Saved data entries:
Content starts
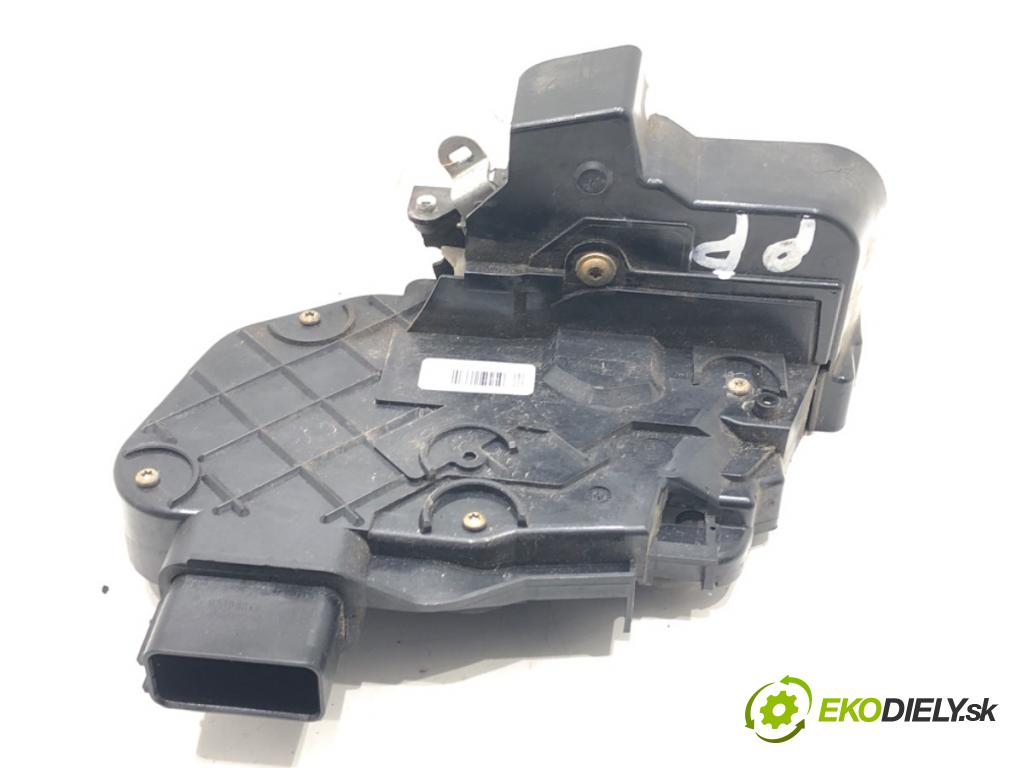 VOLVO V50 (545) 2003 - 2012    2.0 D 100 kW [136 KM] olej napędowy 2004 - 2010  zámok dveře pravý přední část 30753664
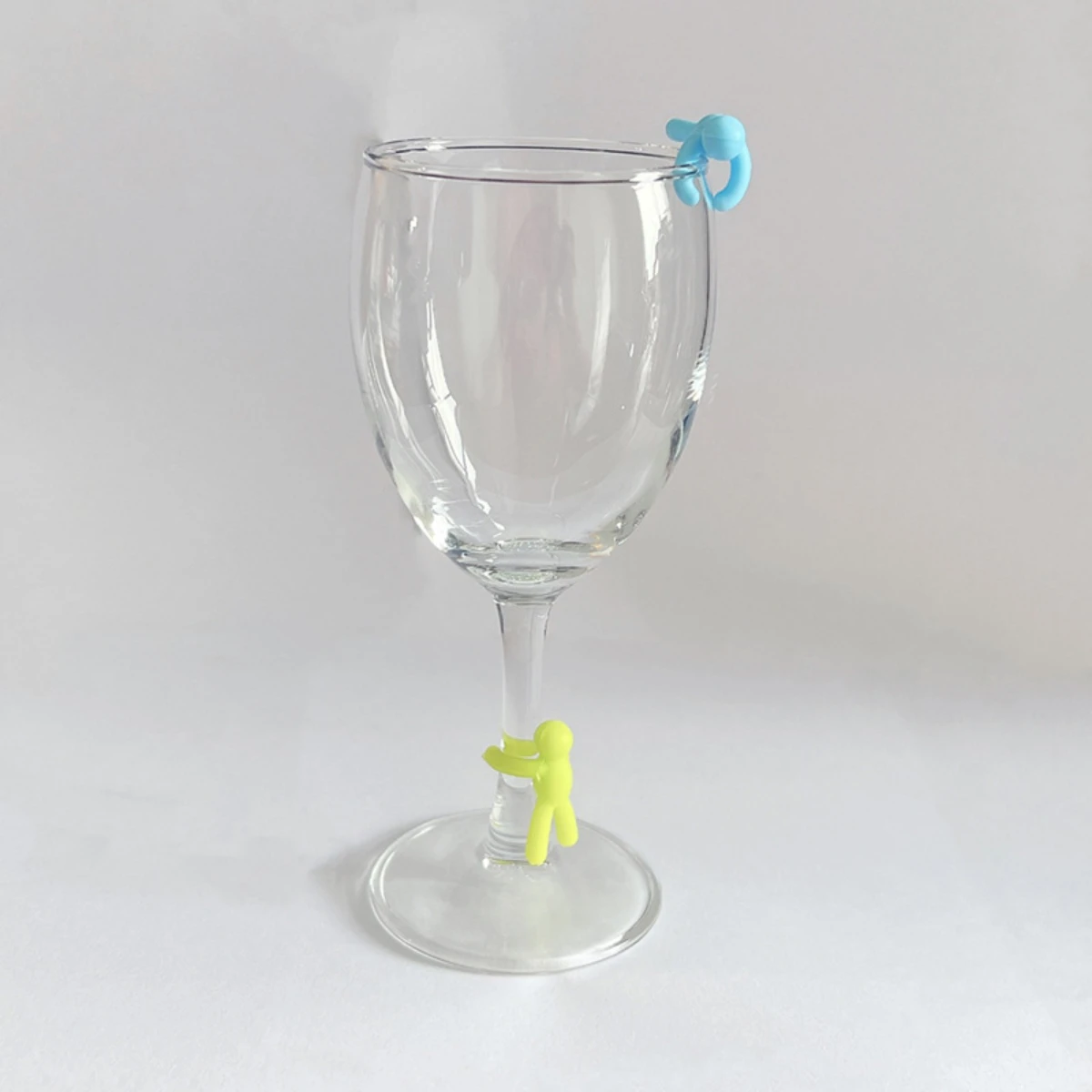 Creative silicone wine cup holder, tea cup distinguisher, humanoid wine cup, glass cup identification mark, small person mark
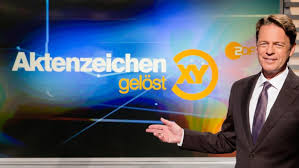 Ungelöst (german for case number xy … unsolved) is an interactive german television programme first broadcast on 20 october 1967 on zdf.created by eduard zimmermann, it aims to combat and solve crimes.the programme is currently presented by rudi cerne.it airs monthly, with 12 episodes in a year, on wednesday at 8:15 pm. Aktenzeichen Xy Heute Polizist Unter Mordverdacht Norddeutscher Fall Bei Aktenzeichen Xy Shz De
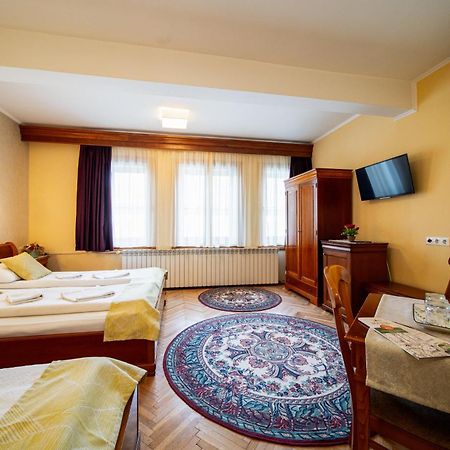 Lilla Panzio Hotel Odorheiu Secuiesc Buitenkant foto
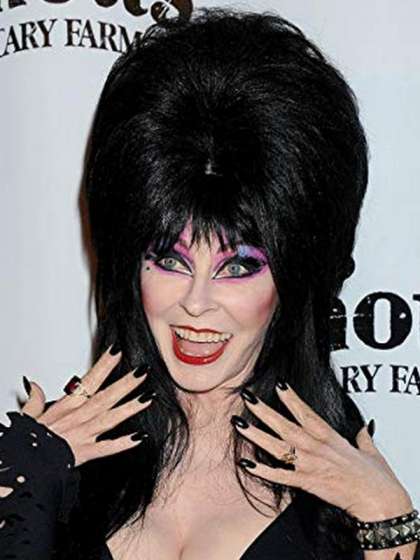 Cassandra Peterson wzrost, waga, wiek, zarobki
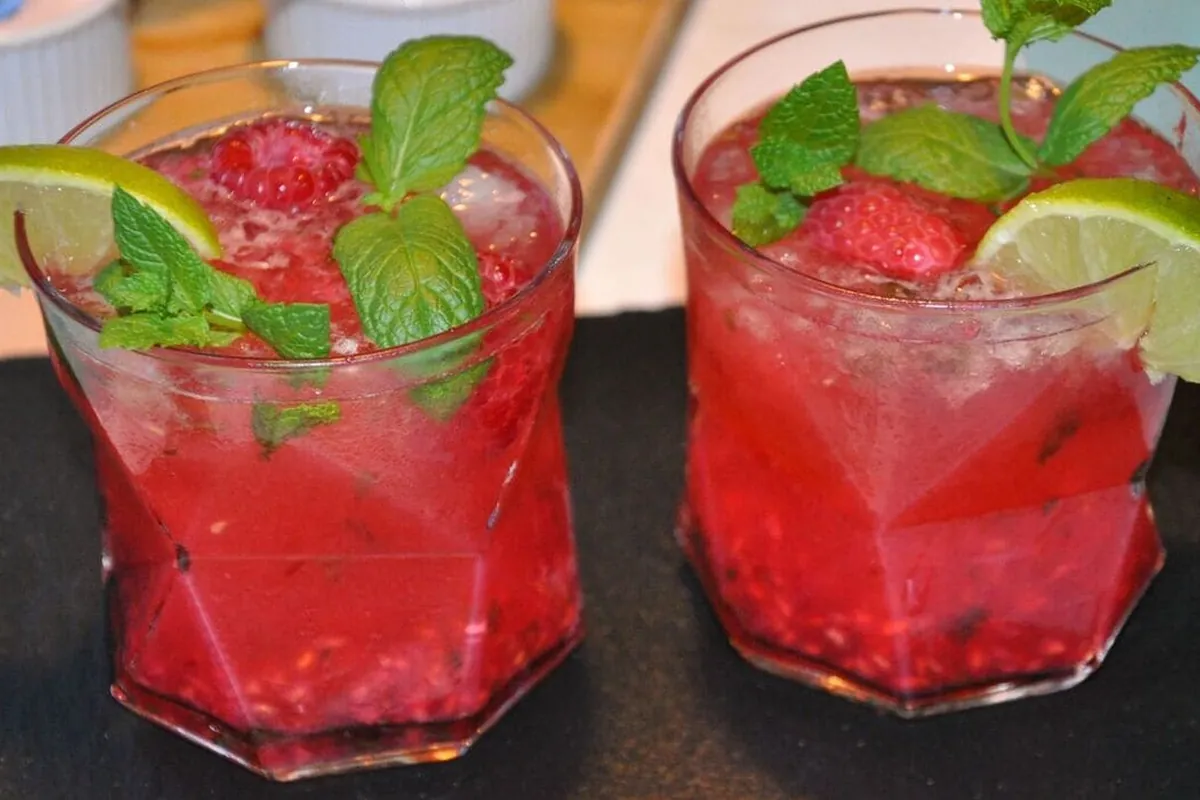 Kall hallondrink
Content ends
§ **TASK STATEMENT**
Output every line above exactly as it stands, and drop any picture.

§ **RESPONSE TO THE EXERCISE**
 VOLVO V50 (545) 2003 - 2012    2.0 D 100 kW [136 KM] olej napędowy 2004 - 2010  zámok dveře pravý přední část 30753664
 Creative silicone wine cup holder, tea cup distinguisher, humanoid wine cup, glass cup identification mark, small person mark
 Ungelöst (german for case number xy … unsolved) is an interactive german television programme first broadcast on 20 october 1967 on zdf.created by eduard zimmermann, it aims to combat and solve crimes.the programme is currently presented by rudi cerne.it airs monthly, with 12 episodes in a year, on wednesday at 8:15 pm. Aktenzeichen Xy Heute Polizist Unter Mordverdacht Norddeutscher Fall Bei Aktenzeichen Xy Shz De
 Lilla Panzio Hotel Odorheiu Secuiesc Buitenkant foto
 Cassandra Peterson wzrost, waga, wiek, zarobki
 Kall hallondrink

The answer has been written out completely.